Here’s what we know about the Yellow Jackets midway through the season:
Quarterback Tevin Washington has proven to be the right choice to run the triple-option, but he still has learning to do. He called his own number 32 times last week and doesn’t have the body build that’s likely to withstand such a weekly pounding.
Washington, who has gained 309 yards and scored six times this season, said he missed too many reads against Maryland. Regardless, he isn’t likely to survive the season if he takes as much responsibility.
Washington has shown he can pass the ball with effectiveness. He has thrown for 1,052 yards and 10 touchdowns. He still launches the occasional long throw or fires one into the dirt, but, for the most part, he gives the team a quality passing game.
Stephen Hill (17 catches, four touchdowns) gives the team a game-breaking receiver.

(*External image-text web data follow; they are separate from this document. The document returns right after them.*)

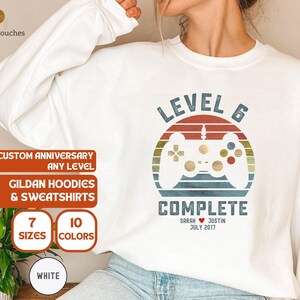 6th Wedding Anniversary Gift for Husband Wife Personalization Level 6 Complete, Anniversary Gift, Gamer Husband Gift, Retro Game Sweatshirt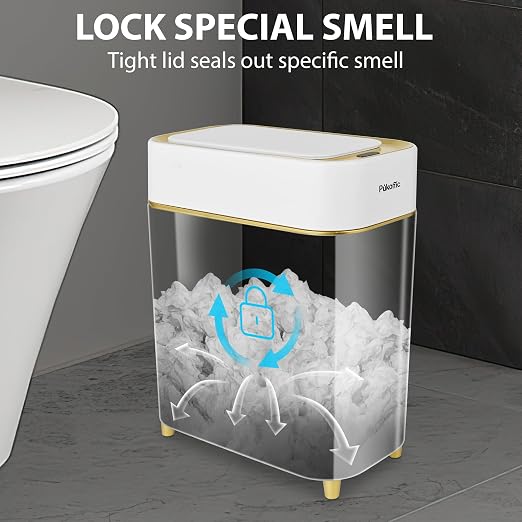 Pukomc 2.3 Gallon / 9L Automatic Adsorption Sensor Trash Can, White Gold Motion Sensor Garbage Bin with Suction, Slim Fashionable Design for Kitchen, Bathroom, Office & Small Space - Image 6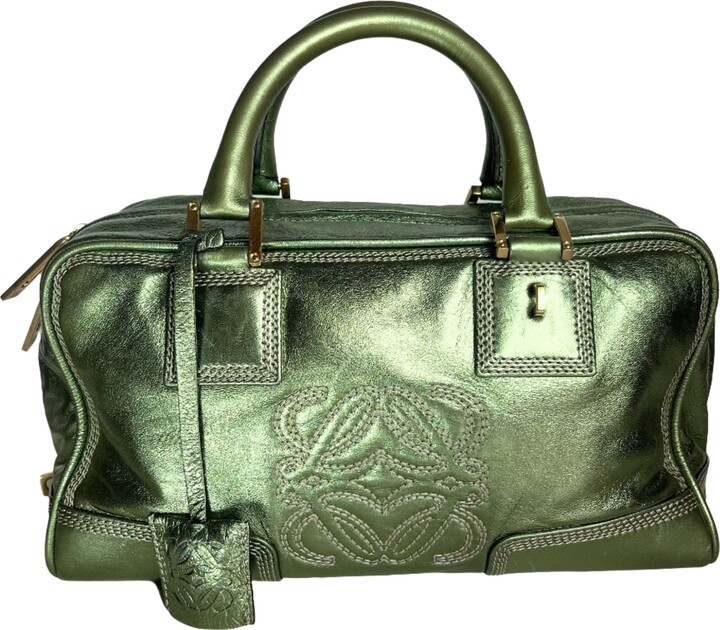 Loewe Amazona 29 Zip Around In Metallic Green Lambskin Leather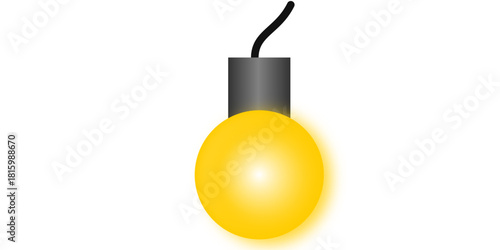 Illustration of a single glowing yellow light bulb hanging from a black wire against a white background.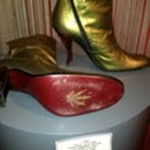 Beautiful gold/green hand made Italian leather boots with a marijuana leaf stamped into the sole.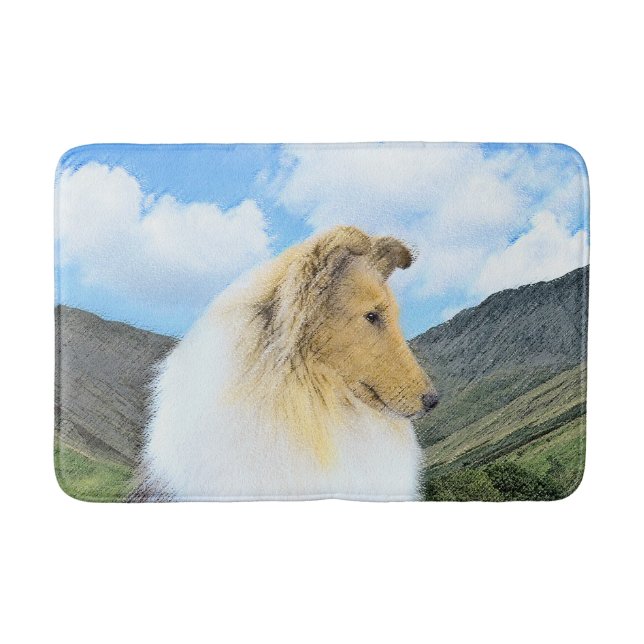 Collie in Mountains (Rough) Malerei - Hunde Kunst Badematte (Vorderseite)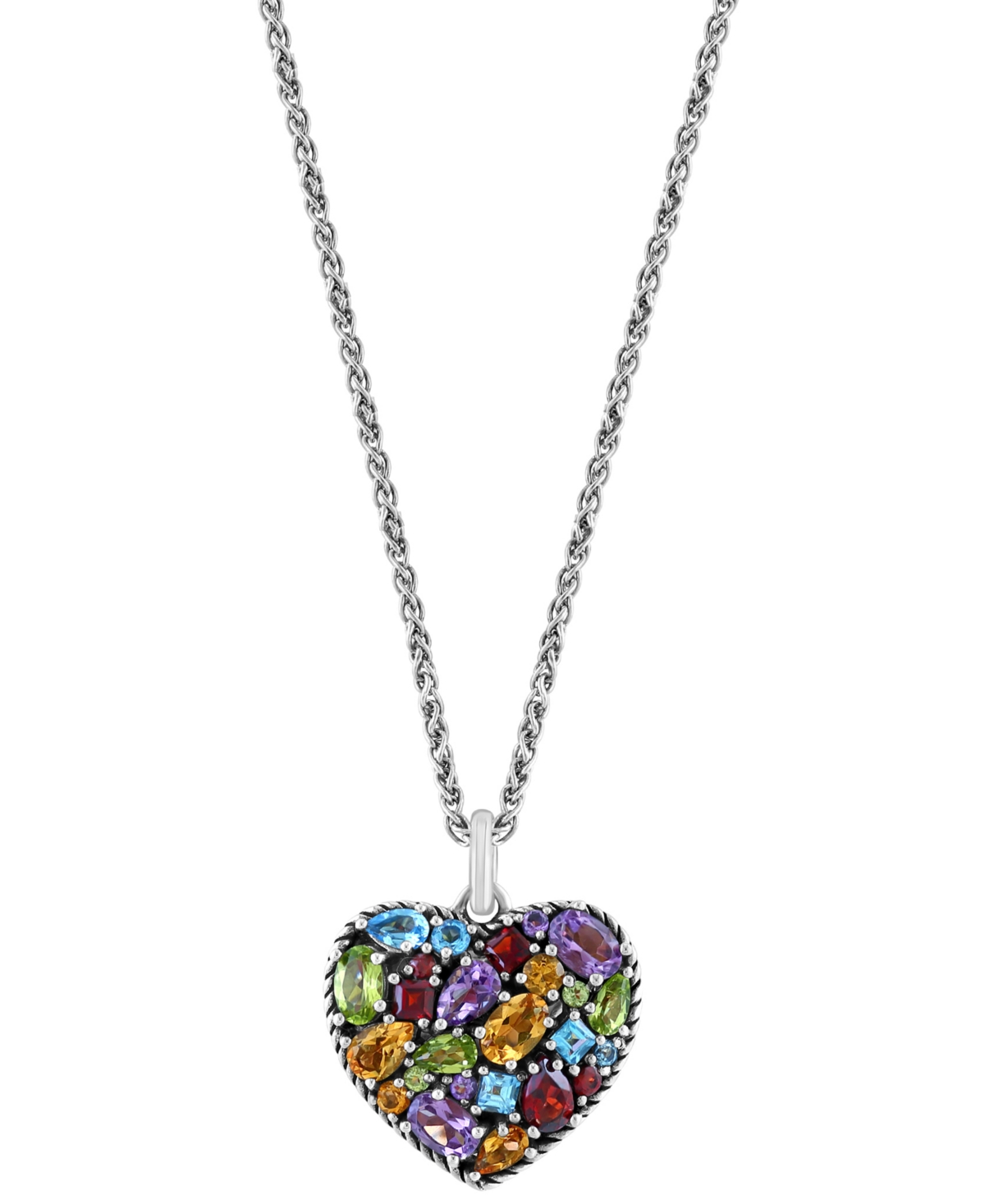 Shop Effy Collection Effy Multi-gemstone Mixed Cut Heart 18" Pendant Necklace (6-5/8 Ct. T.w.) In Sterling Silver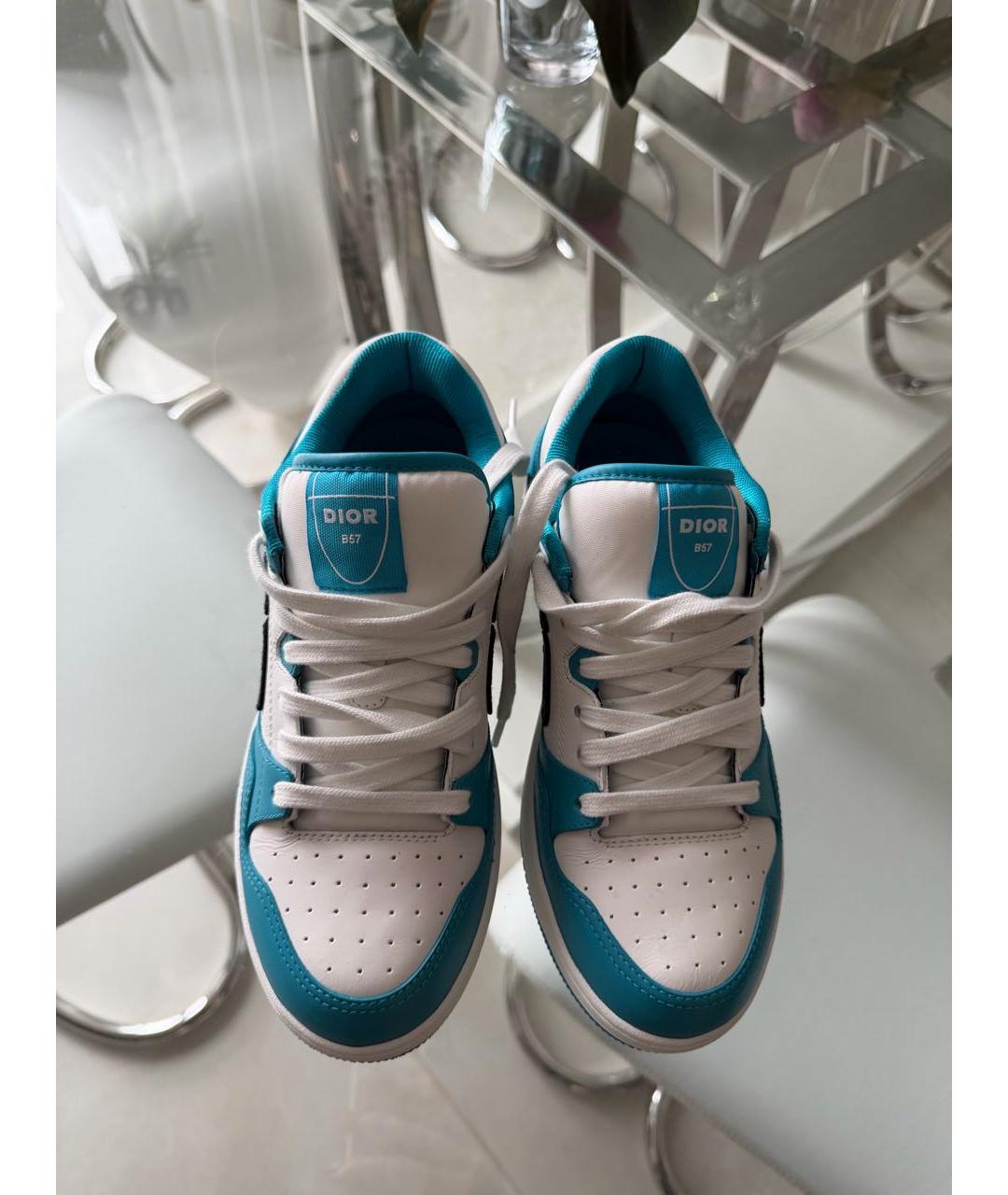 CHRISTIAN DIOR Голубые кожаные низкие кроссовки / кеды, фото 3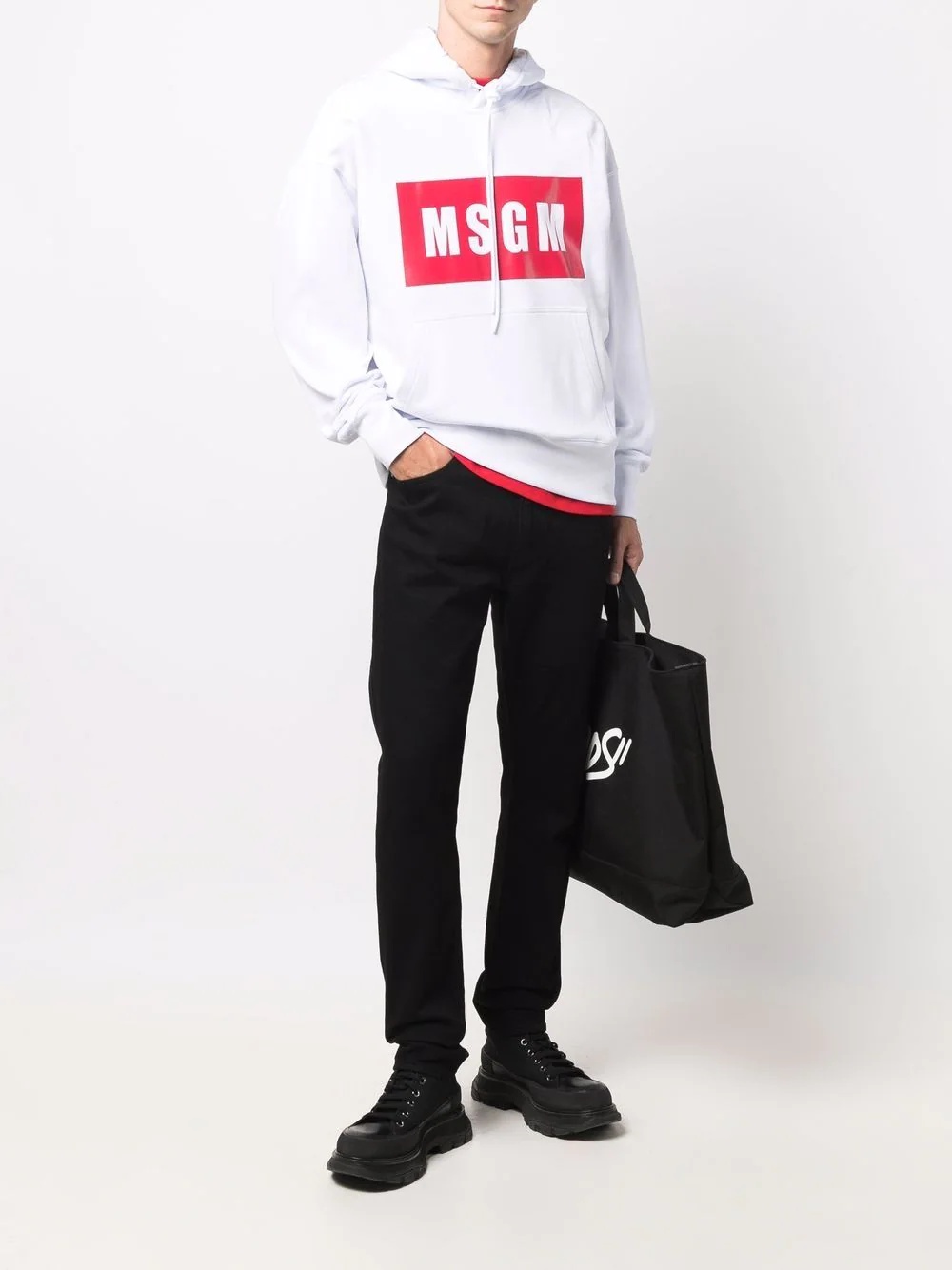 box logo-print cotton hoodie - 2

A-back Orwin Smith has the size and speed to be a star. He has rushed for 464 yards and eight touchdowns. Things happen when Smith touches the ball -- he created a 12-yard touchdown run Saturday that was highlight reel material. But he ran it only four times against Maryland, and that’s not enough.
The defense continues to show improvement in coordinator Al Groh’s second season. The ability to stop Maryland from threatening to win the game in the waning moments Saturday might have been a big step in the growth process.
Julian Burnett continues to establish himself as a star at inside linebacker. The Westside product had nine tackles last week and leads the team with 58 tackles. ”Julian is a good player,” Johnson said. “You know how I feel about him.”
The secondary, which began the season as the greenest part of the defense, has matured and continues to get good production out of Rod Sweeting, Louis Young and Isaiah Johnson. There have already been seven interceptions, one fewer than all last season.
This area continues to be a concern because of inconsistencies in the kicking and punting games. David Scully averaged 60.8 yards on kickoffs, including one touchback that sailed through the end zone. Sean Poole (37.7 yard average) had done all the punting until Chandler Anderson punted twice last week. Justin Moore missed a 34-yard field goal and has little range outside 40 yards; he has made 4-of-7 field goals.
The return game showed a spark against Maryland, with Tony Zenon returning a kick 79 yards and Zach Laskey, getting a rare chance to return a punt, broke one for 26 yards.
After this week’s game at Virginia, the Yellow Jackets will start pulling against the tougher portion of their schedule. There are consecutive games against Miami, Clemson and Virginia Tech that will answer a lot of the lingering questions.
“I try to approach it like I tell the team,” Johnson said. “You just get ready to play this week. And historically I’ve found through the years coaching that if you do that you can look around in November and say, ‘Wow, we’ve got ourselves a great opportunity.’
“You start worrying about that stuff halfway through the year, and it won’t end well.”